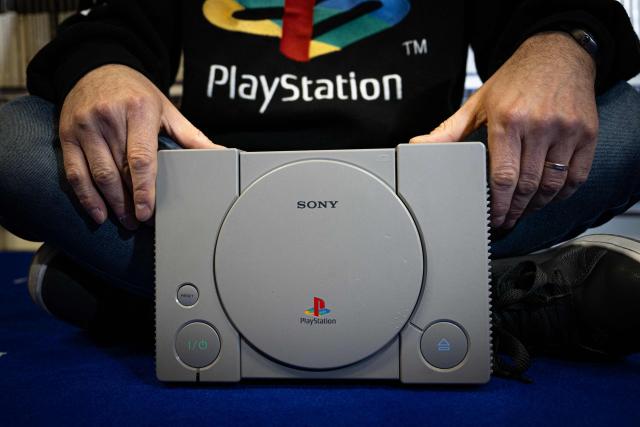 (FILES) French PlayStation' collector Cyril, poses with a PlayStaion 1, at his home in Vraiville, on November 20, 2024. Sony said on July 1, 2026 that it would stop releasing new video games for the PlayStation on disc in January 2028 following a shift in consumer preferences. "Following this date, new games will be available on PlayStation Store and at retailers in digital formats only," the company said on its official PlayStation blog. (Photo by LOU BENOIST / AFP)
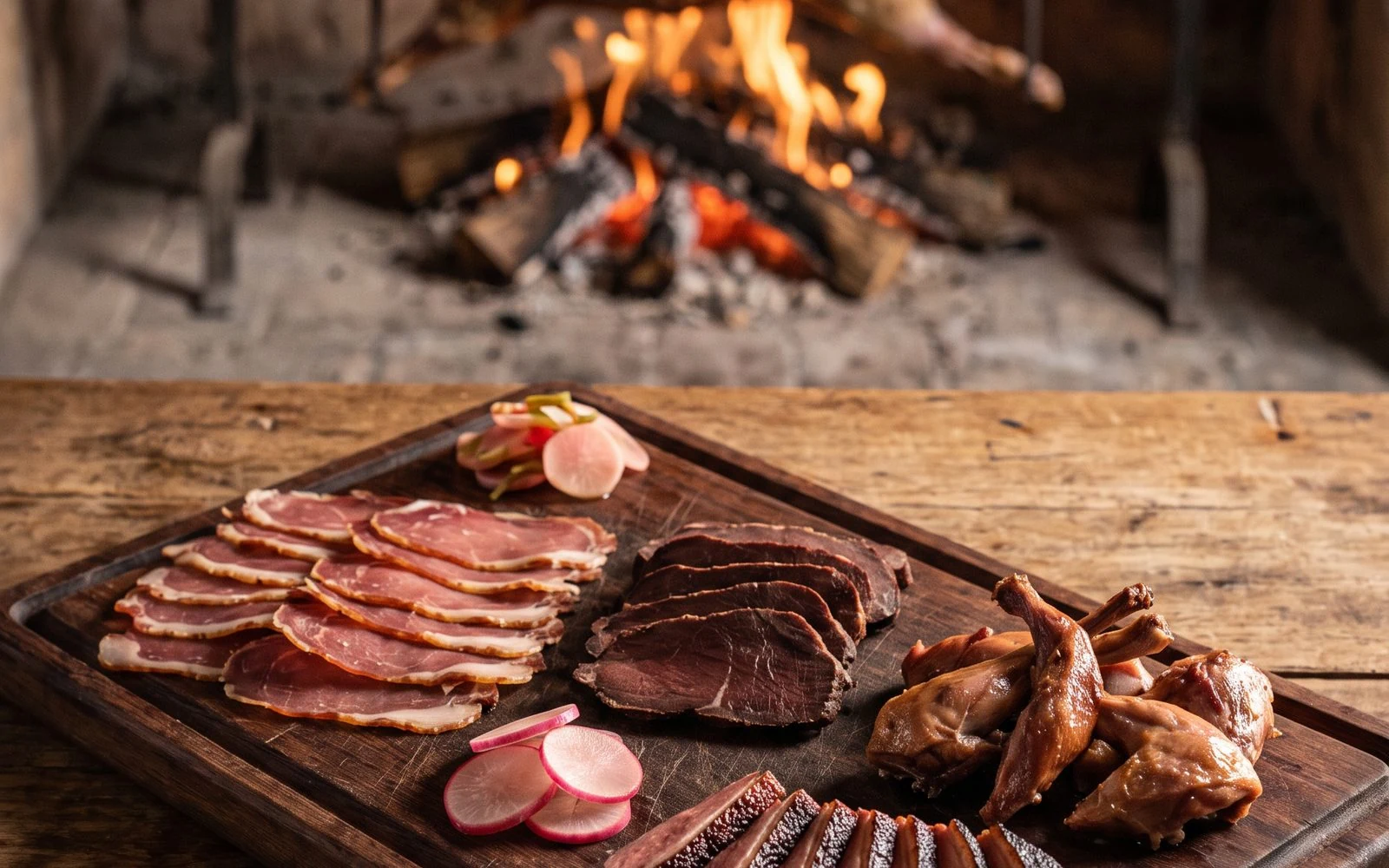 Steppe board: slices of cured wild boar leg, smoked guanaco, wild duck and rabbit, with lamb over the fire behind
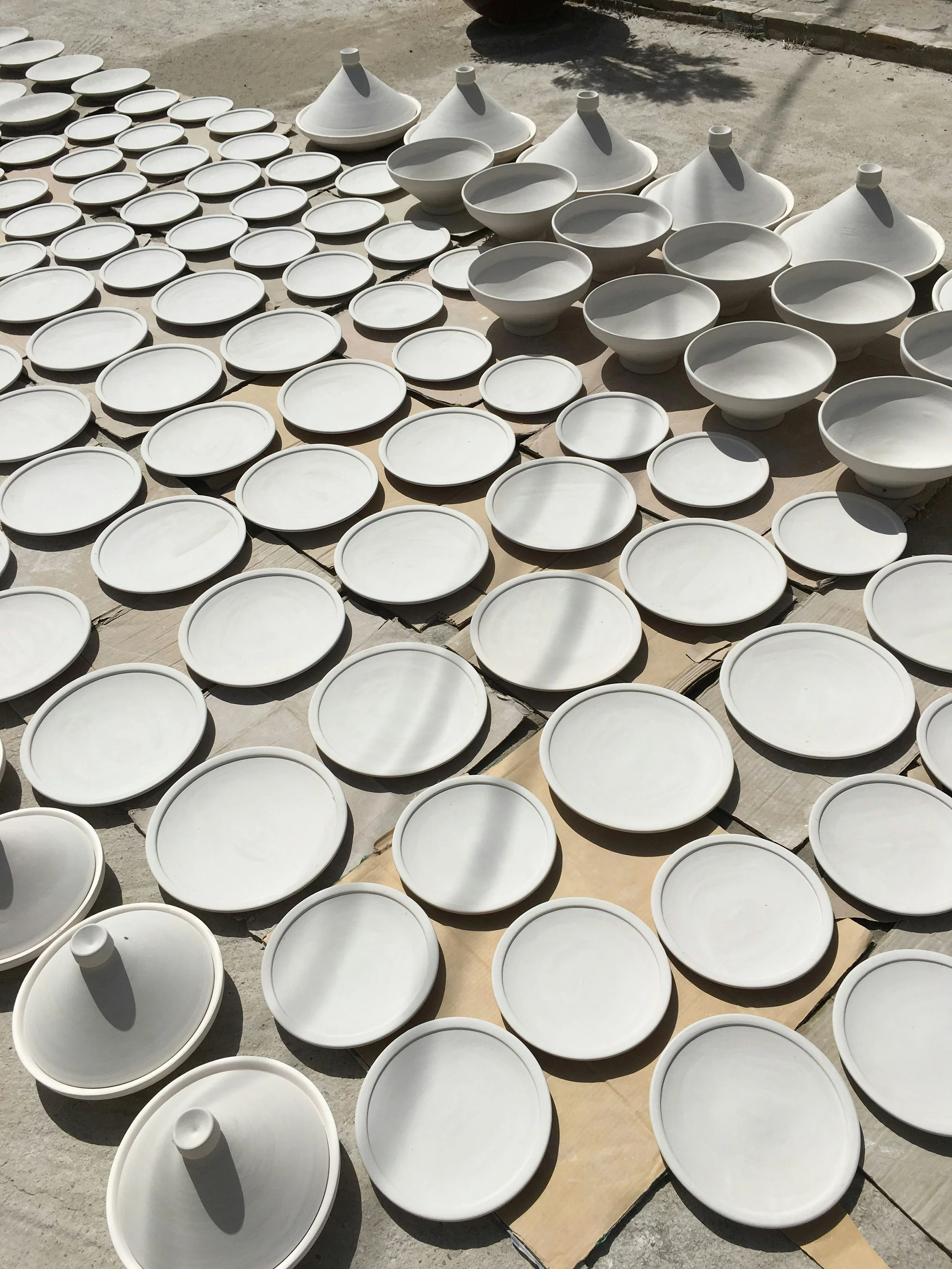 Morocco Vistas | Moorish & Andalusian Heritage — traditional ceramic pottery drying, artisan workshop, Fez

WHAT YOU ARE ASKED TO DO ->
Your copy should start at the line with "Steppe board: slices", stop at the last line of the listing above, match exactly, and contain no pictures.

OUTPUT FOR THIS TASK ->
 Steppe board: slices of cured wild boar leg, smoked guanaco, wild duck and rabbit, with lamb over the fire behind
 Morocco Vistas | Moorish & Andalusian Heritage — traditional ceramic pottery drying, artisan workshop, Fez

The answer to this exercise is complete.